What everybody wonders is why DeWine, who has been Ohio Attorney General since 2011, only decided to go after ECOT now in the summer of 2018—as he, Ohio’s 2018 Republican candidate for governor, actively campaigns. DeWine claims to have waited until another case set a precedent for cracking down on such conflicts of interest involving a charter school—this time a smaller charter school in Cincinnati. Now, says Mike DeWine, he can be assured that as the State Attorney General he has standing to crack down on charter school fraud.

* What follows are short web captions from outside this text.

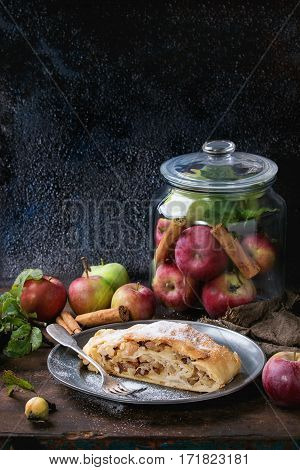 Homemade Apple Strudel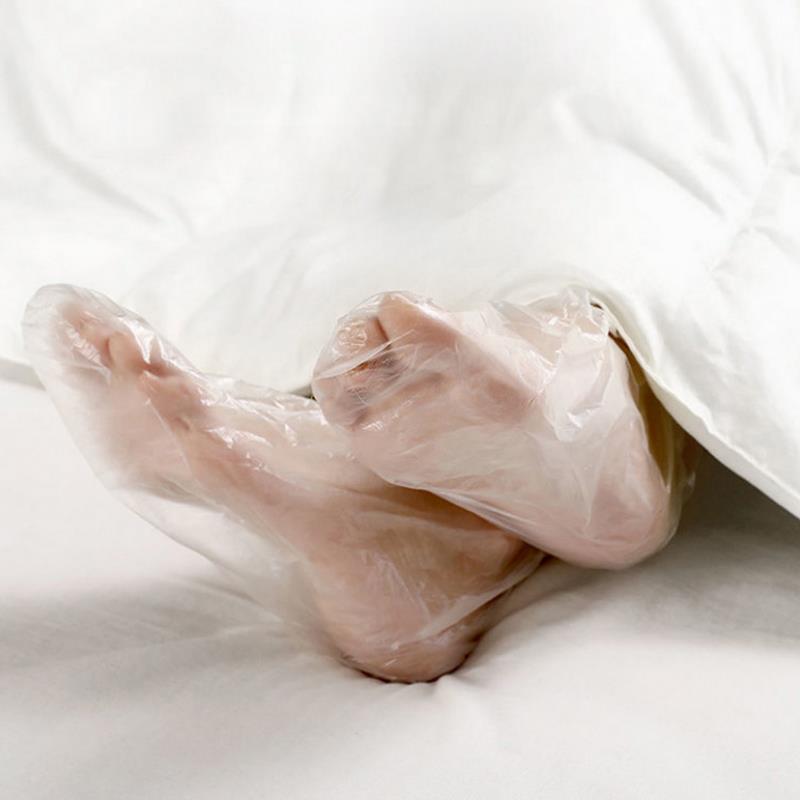 100/200Pcs 일회용 발 보습 양말 Transpr - Foot Spa 리뷰 및 가격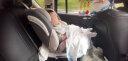 感恩（ganen）儿童安全座椅0-4-12岁360度旋转 ISOFIX 瑞亚绅士灰 实拍图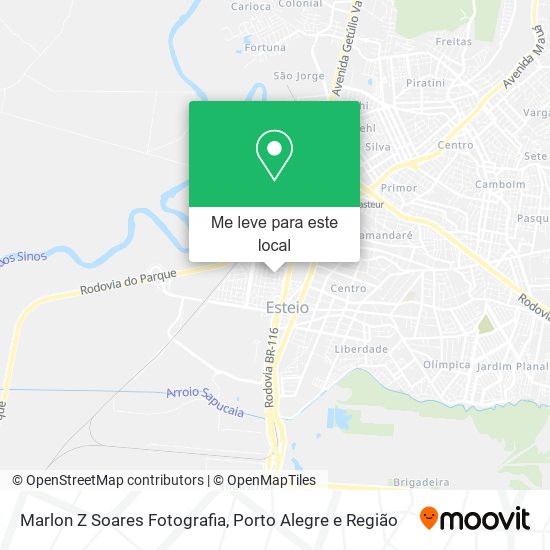 Marlon Z Soares Fotografia mapa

Clearly, the ECOT scandal has become hot potato for Republican candidates seeking state office in the November 2018 election. Democrats across the state, reminding the public of William Lager’s huge political investments in Republican campaigns over the years, are also reminding voters that key Republicans including Mike DeWine—currently attorney general and Ohio’s Republican gubernatorial candidate in November, and Dave Yost—currently state auditor and Ohio’s Republican candidate for attorney general in November, have been ignoring for years Lager’s compromised position as the founder and agent of nonprofit ECOT who is also making huge profits by steering business to his own for-profit contractors.

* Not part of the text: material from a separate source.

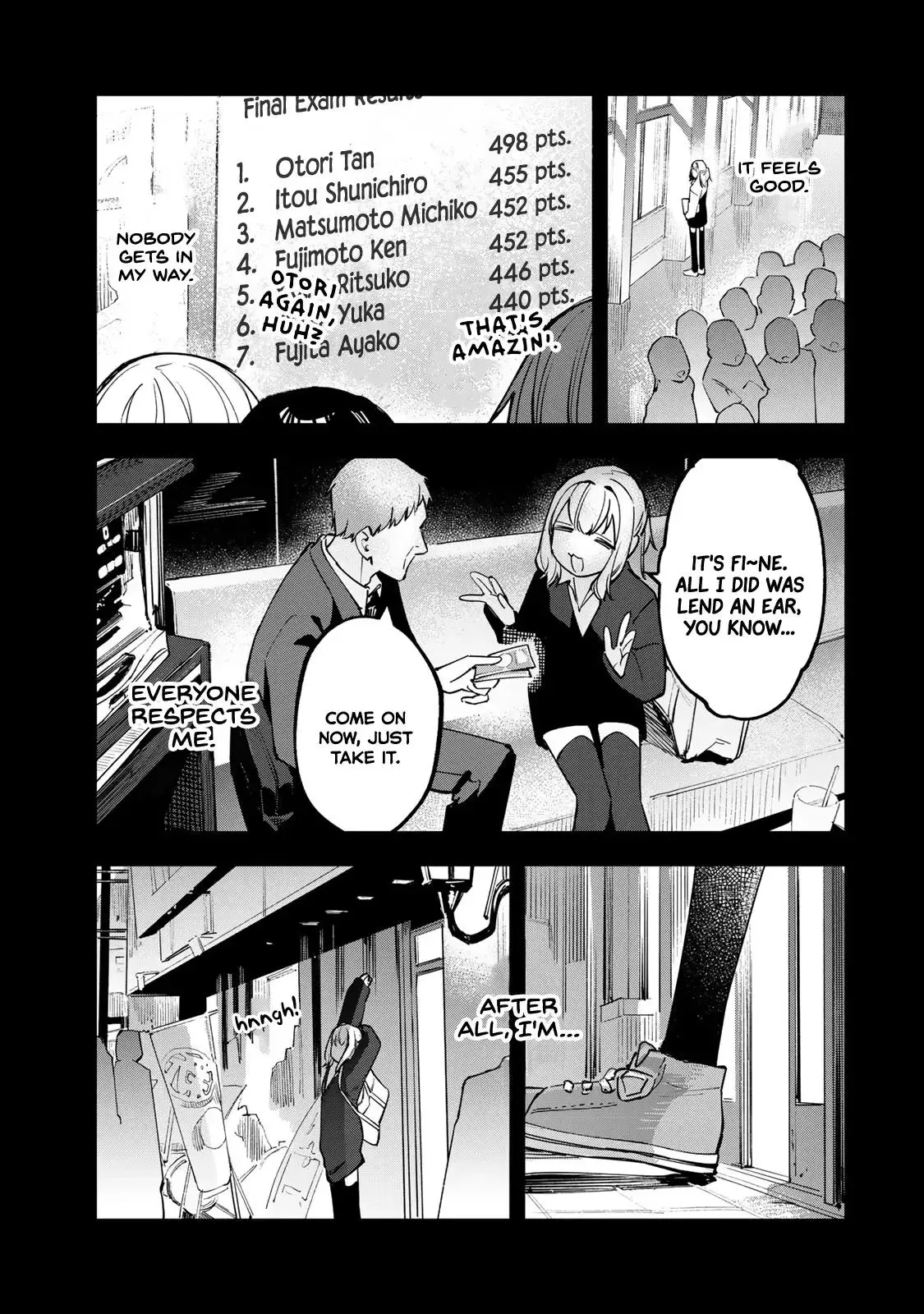 Seitokai ni mo Ana wa Aru! Chapter 39 page 5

Will Ohio’s voters remember in November that the state Republican party enabled Lager to shift $1 billion from their public schools to ECOT?

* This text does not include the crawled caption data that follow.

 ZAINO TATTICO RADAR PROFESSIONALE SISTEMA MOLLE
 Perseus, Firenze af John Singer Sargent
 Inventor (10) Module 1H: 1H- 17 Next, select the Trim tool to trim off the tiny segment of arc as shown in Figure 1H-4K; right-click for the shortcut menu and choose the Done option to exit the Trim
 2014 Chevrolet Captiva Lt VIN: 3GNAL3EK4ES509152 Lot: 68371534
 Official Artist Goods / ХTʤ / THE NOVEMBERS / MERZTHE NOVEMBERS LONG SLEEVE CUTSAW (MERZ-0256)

A blogger who identifies as “democracy” posted this comment, with which I agree.


The bottom line is that Trump has lots and lots of Russian “mob” money, in Russia, the mob and the state are one and the same.

Trump has tapped tons of Russian moola, which is one reason he’s refused to release his tax returns, and in all likelihood, why Republicans in Congress refuse to force their release. Those returns would prove definitively the financial ties. But even without them, the ties have been well-established. The Financial Times did a deep look into the building of the Trump Tower in Toronto:

“Legal documents, signed statements and two dozen interviews with people with knowledge of the project and the money that flowed through it reveal that the venture connects the US president with a shadowy post-Soviet world where politics and personal enrichment merge…”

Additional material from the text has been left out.